Pictures with short captions:
■ ■ ■
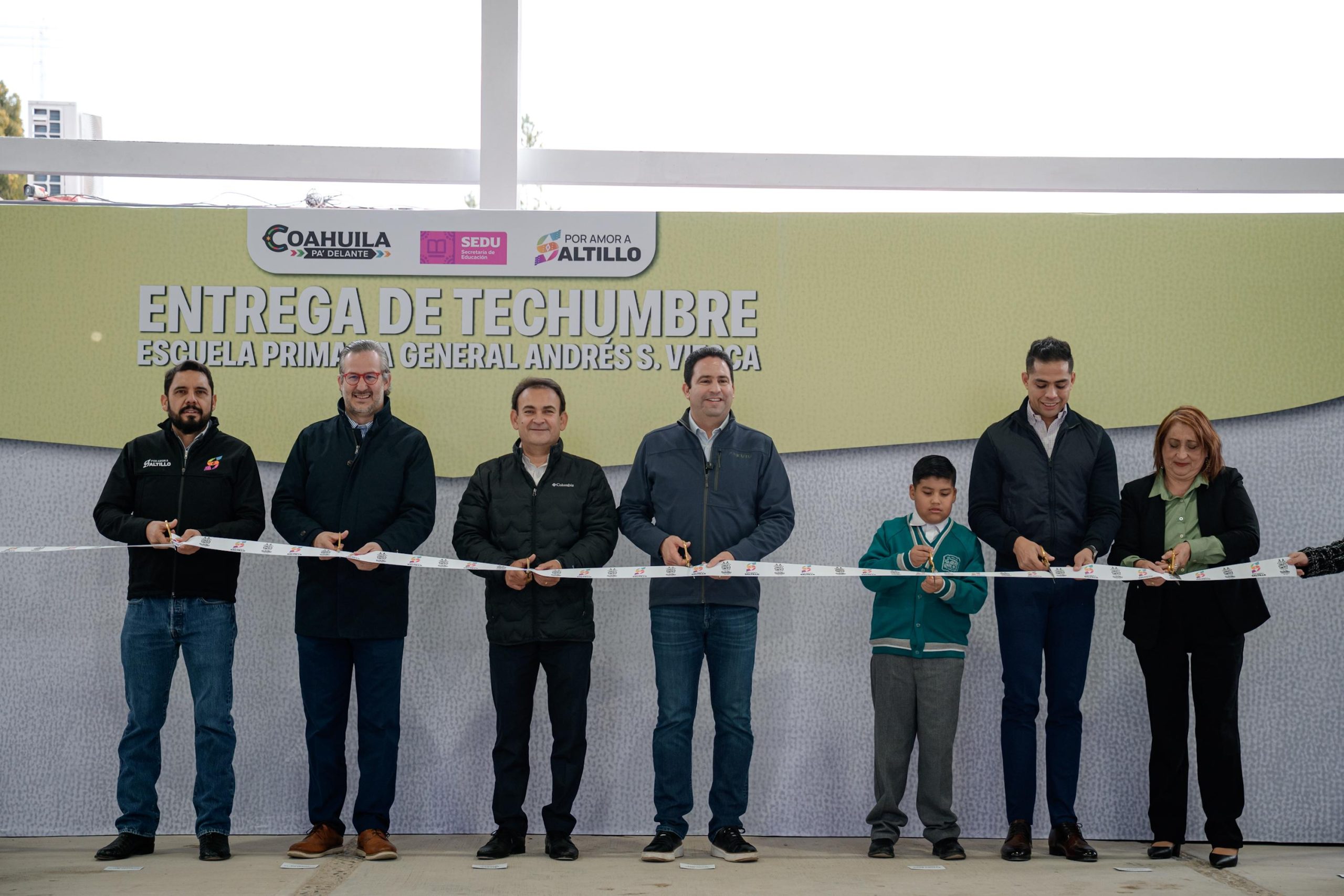 Entrega Javier Díaz techumbre en escuela al sur de Saltillo
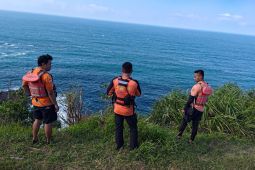 Polres Gunungkidul bawa jasad tanpa kepala di Pantai Gunungkidul ke RS Bhayangkara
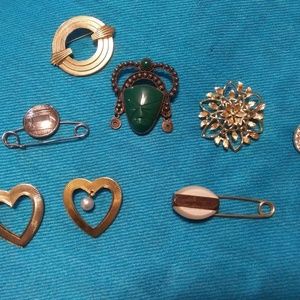Broaches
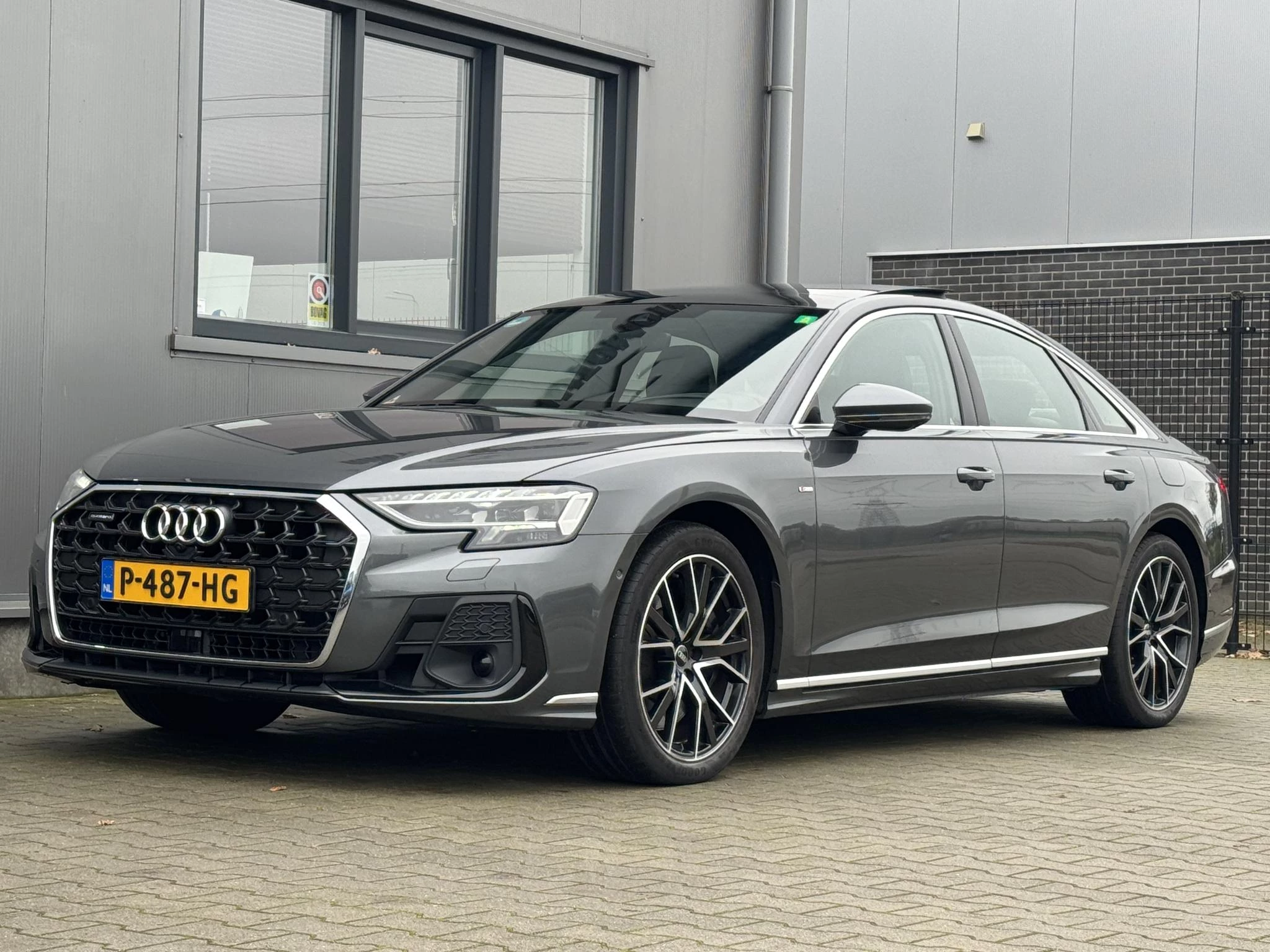 Hoofdafbeelding Audi A8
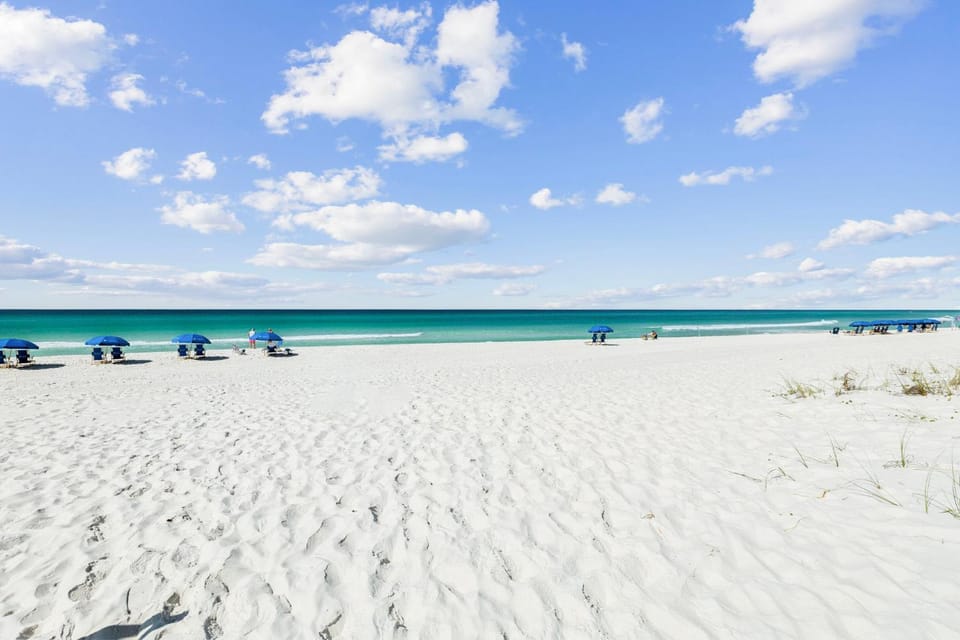 Neighbourhood, Beach, Sea view
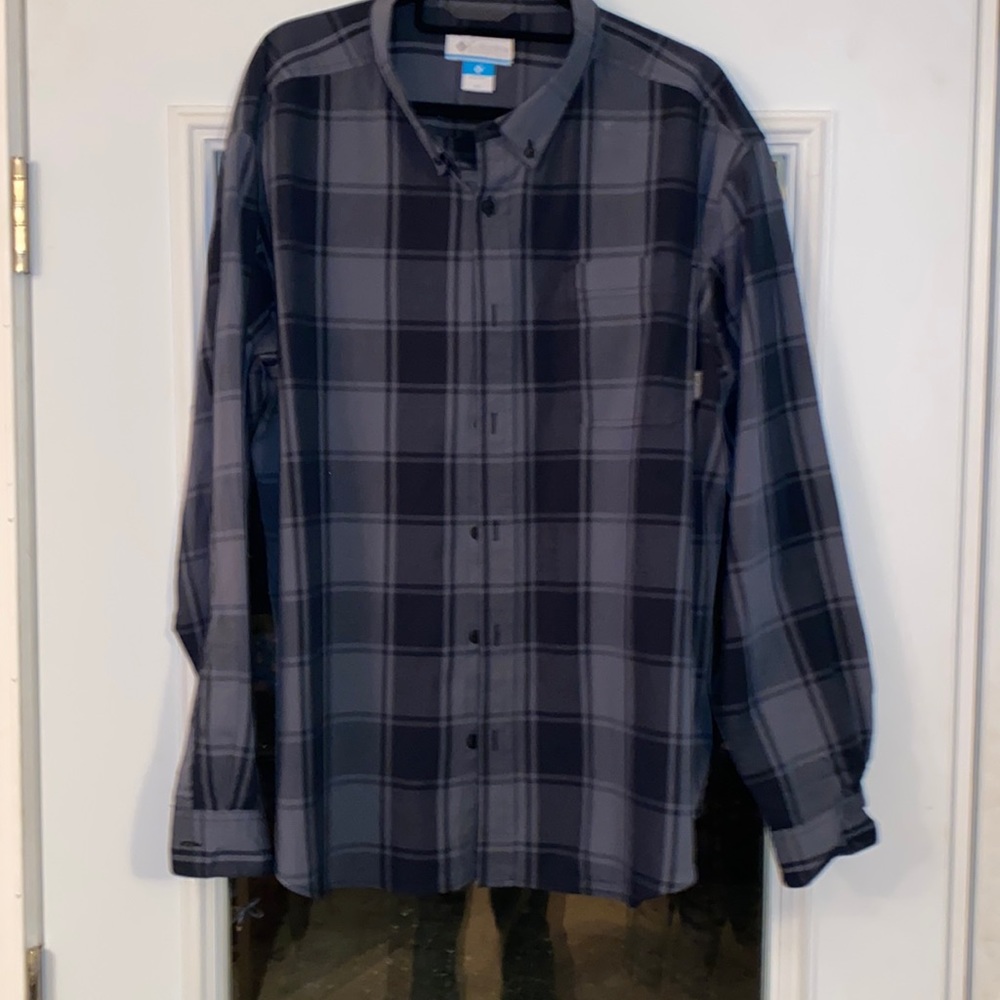 Columbia button down plaid shirt, size-xxl, excellent condition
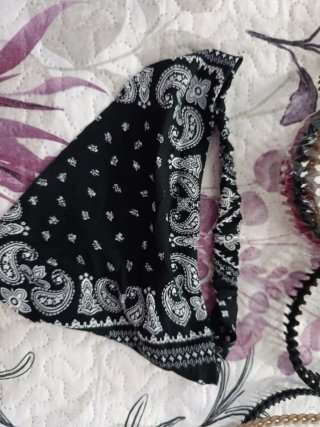 8 diademas con dientes y pañuelo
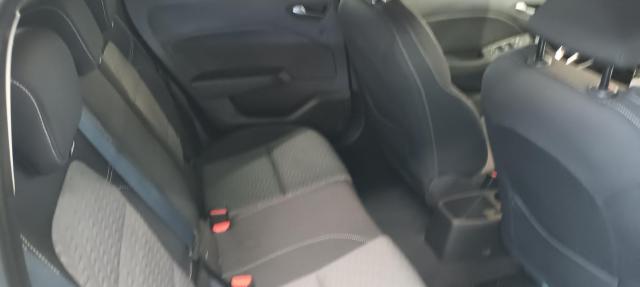 Renault Clio image 1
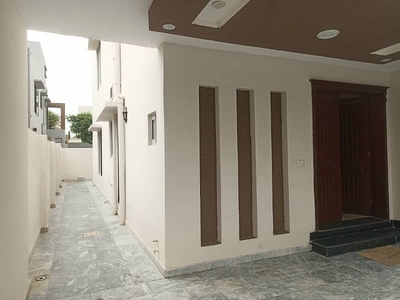 10 Marla Full House For Sale In Sector C Bahria Town, Lahore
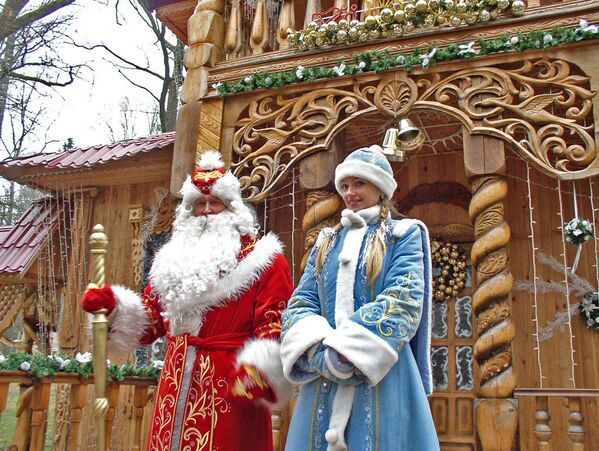 Белорусский Дед Мороз со Снегурочкой в Беловежской пуще - Sputnik Казахстан
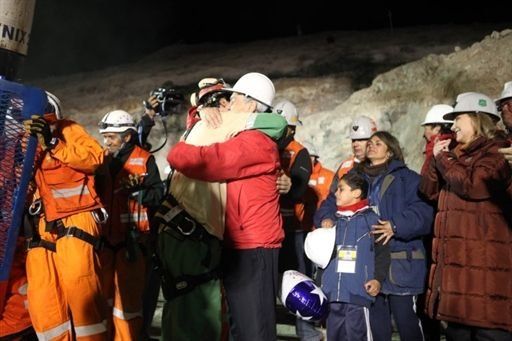 Salida de los 33 mineros chilenos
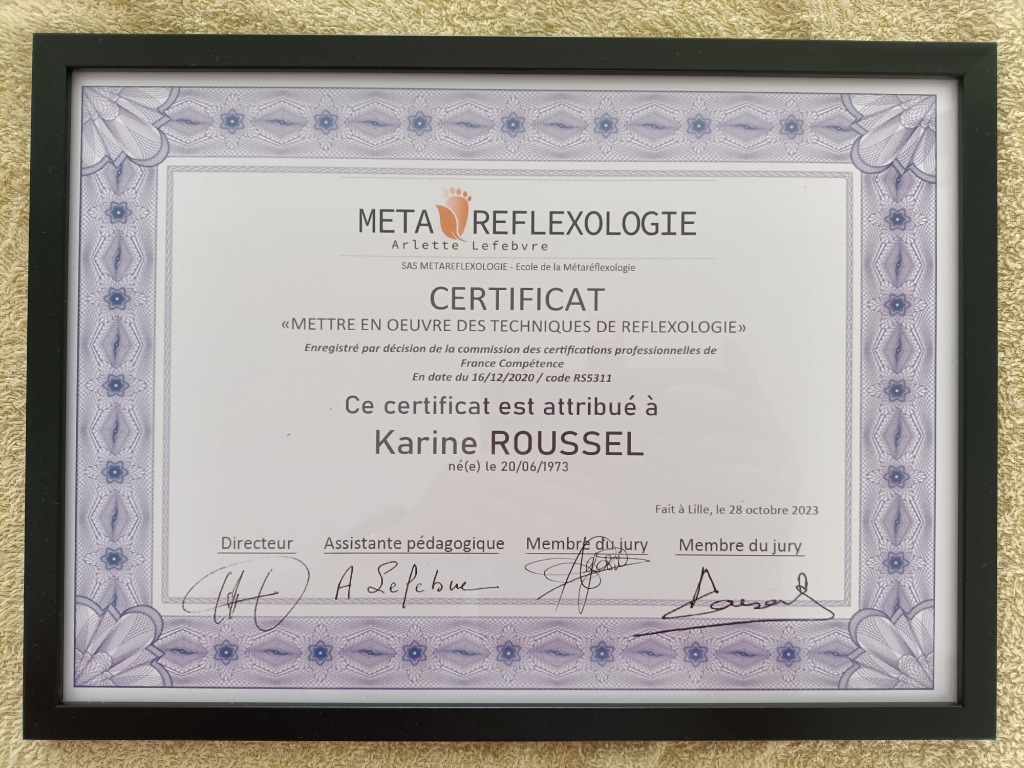 photo diplome Karine Roussel "Réflexologie et bien-être"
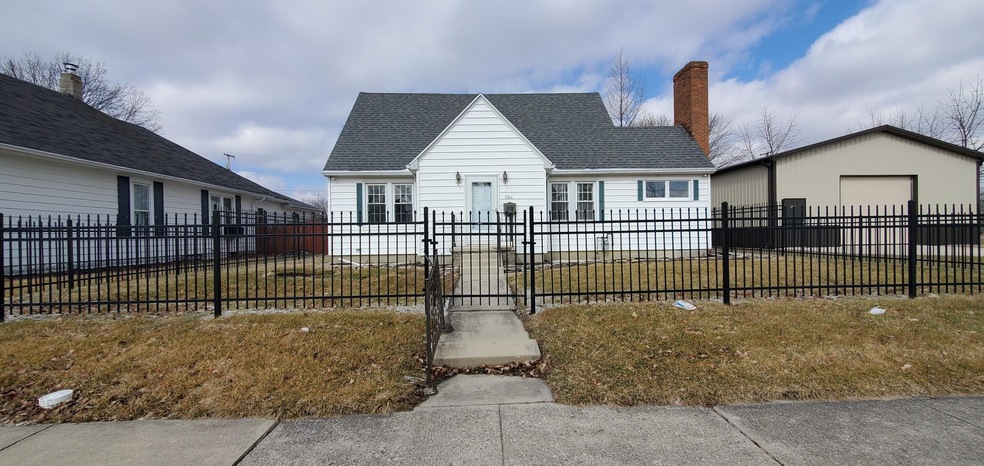 504 E Benton St, Wapakoneta, OH 45895 - photo 1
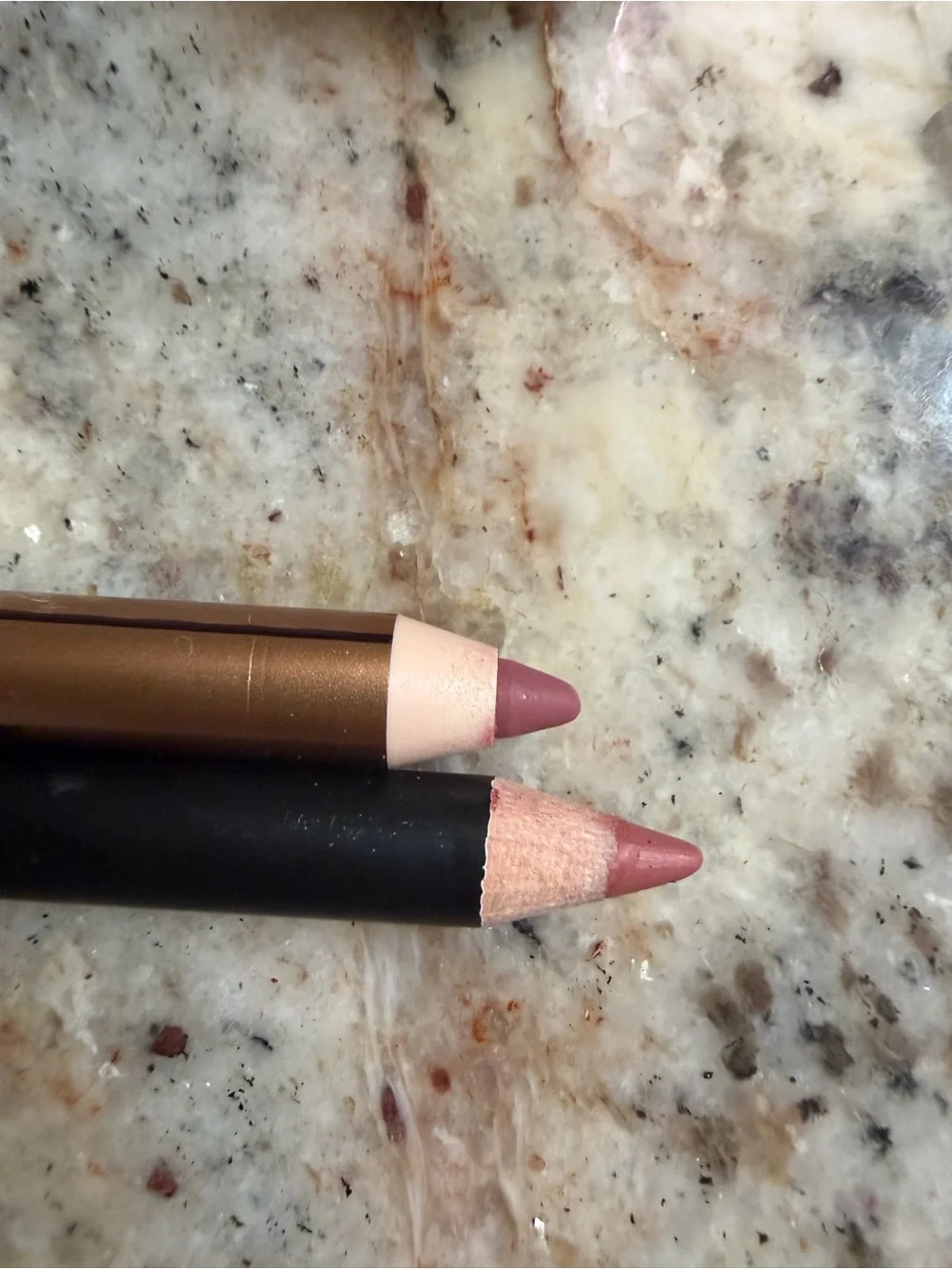 Lillie BUNDLE, Rare Beauty, Lawless, Charlotte Tilbury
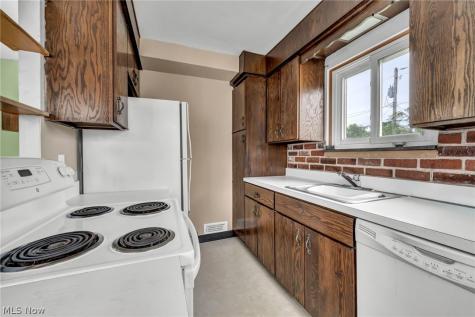 11301 Aaron Drive Parma OH 44130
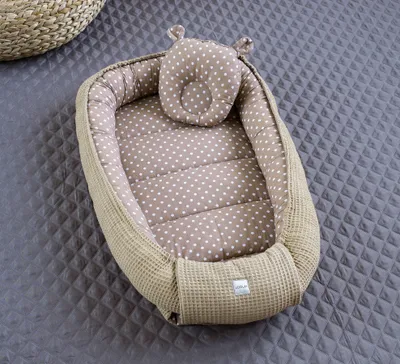 Produktbild von Taupe WAFFELPIQUE/ Braun PUNKTE Babynestchen Unterlage 2 Tlg SET Babynest Wicleklunterlage Reisebett Babydecke Babyausstattung 2 Seitig PREMIUM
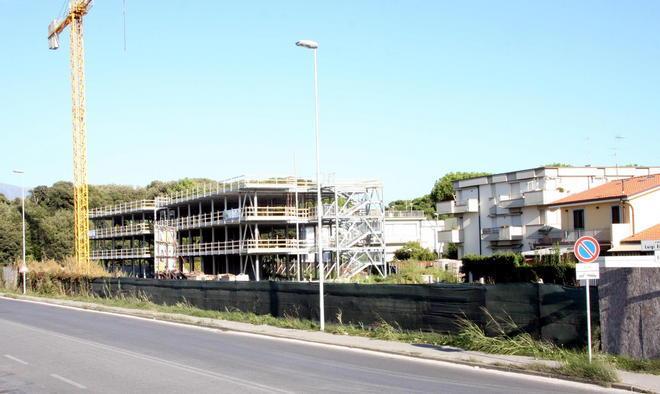 Viale Einaudi, l’hotel si alza di un piano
■ ■ ■
What this task involves:
Return each entry exactly as it appears above, but exclude the pictures.

Solution to the problem:
 Entrega Javier Díaz techumbre en escuela al sur de Saltillo
 Polres Gunungkidul bawa jasad tanpa kepala di Pantai Gunungkidul ke RS Bhayangkara
Broaches
 Hoofdafbeelding Audi A8
 Neighbourhood, Beach, Sea view
 Columbia button down plaid shirt, size-xxl, excellent condition
 8 diademas con dientes y pañuelo
 Renault Clio image 1
 10 Marla Full House For Sale In Sector C Bahria Town, Lahore
 Белорусский Дед Мороз со Снегурочкой в Беловежской пуще - Sputnik Казахстан
 Salida de los 33 mineros chilenos
 photo diplome Karine Roussel "Réflexologie et bien-être"
 504 E Benton St, Wapakoneta, OH 45895 - photo 1
 Lillie BUNDLE, Rare Beauty, Lawless, Charlotte Tilbury
 11301 Aaron Drive Parma OH 44130
 Produktbild von Taupe WAFFELPIQUE/ Braun PUNKTE Babynestchen Unterlage 2 Tlg SET Babynest Wicleklunterlage Reisebett Babydecke Babyausstattung 2 Seitig PREMIUM
 Viale Einaudi, l’hotel si alza di un piano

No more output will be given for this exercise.